The soldier who had been holding the reins of the horses was lying next to me on the cobblestones, his chest pierced by a foot-long wooden splinter. A greasy pack of obscene photographs had fallen out of his pants and lay face up on the paving stones. Oblivious to it all, General Sickles calmly sat his horse as if the explosion had no more lethal force than a gnat. He calmly lit his cigar and took a contented puff before turning to the nervous aide sitting on the horse next to him.
“The shell hasn't been made, son,” he said, with a wolfish grin.
Inside the courthouse a young officer told me that only General Couch was in the bell tower, along with most of his staff.
“I think there is another general up in that Episcopal Church on the next corner,” he said. I thanked him and headed over there. A sergeant was sitting at the foot of the staircase leading up to the steeple.
“I don't know Colonel Burdette,” he said, when I asked for Val, “but General Hathaway is up in the clock tower with a couple of other officers.”
“How did he get up there?” I asked.
“That Indian sergeant carried him up.”
The staircase was narrow and steep. It had to be at least 120 feet to the top. With each step I was reminded of what Val had said about the killer having the strength of an acrobat.
There was a small circular landing at the top of the staircase. Open to the elements, it was enclosed with a three-foot-high wooden railing. The interior works of a huge clock were suspended from the steeple housing that rose another ten feet above the landing. A cruel, buffeting wind was raging through the spaces around the clock.
Four men were crowded onto the opposite side of the platform, which faced the heights beyond the city. General Hathaway was seated on a plain wooden bench, his hips strapped to the top of it with a wide canvas belt. His elbows rested on the edge of the railing, and he was staring through his binoculars at the battle taking place in the distance. Billy Osceola was standing to his right. Two other officers were on his left. One was a major, and the other a lieutenant.
They hadn't noticed my arrival, and I took the opportunity to observe Billy's guileless face. At that moment he was gazing down at Sam with such evident devotion that it was hard for me to believe he was capable of murdering a defenseless young woman in cold blood. But he had lied to me about knowing her, and I needed to find out why.
As I stepped onto the landing, he glanced up and gave me a welcoming nod. If he was guilty of murder, it didn't appear that he suspected I knew anything about it. He nudged Sam's shoulder, and the general turned to face me along with the other two officers.

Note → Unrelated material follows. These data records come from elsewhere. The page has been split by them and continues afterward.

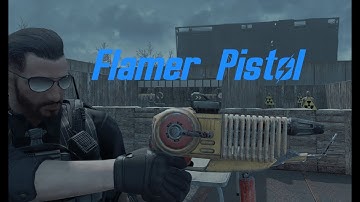 Fallout 4 Fallout Tactics Flamer Pistol Mod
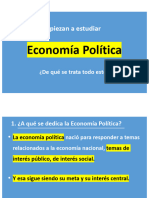 Micro II  2024 Clase 1 - Introduccion a la Economia Politica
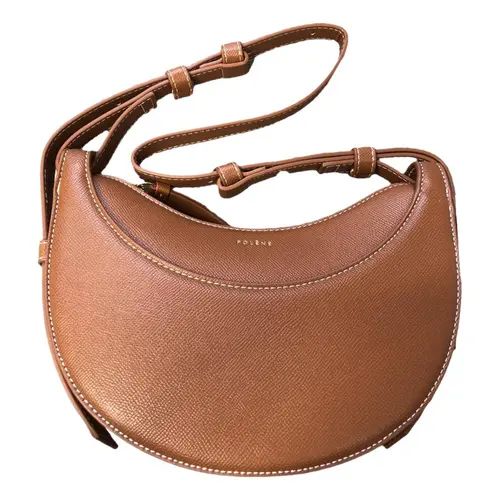 Numéro dix vegan leather handbag Polene Brown in Vegan leather - 39784839 | Vestiaire Collective (Global)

I recognized the lieutenant immediately. The last time I had seen him, he was being engulfed by the mob intent on murdering the Beechams at the overseer's cottage. His corn-colored hair and striking blue eyes were seared into my memory.
“I believe you've met Lieutenant Hanks,” said Sam.
“I was hoping you had made it,” I said.
He gave me the familiar cocky grin.
“We both survived to fight another day,” he replied.
“And this is Major Frank Donovan,” said Sam. “Frank was my best company commander, all the way from Manassas to the Seven Days.”
“And still alive to boast about it,” said Donovan. The major's face was horribly disfigured. A shell or bullet had turned his nose into a scarred pulp and left his mouth permanently curled into a grotesque parody of a smile. The clarion call of a trumpet caused us all to look back toward the plain beyond the city.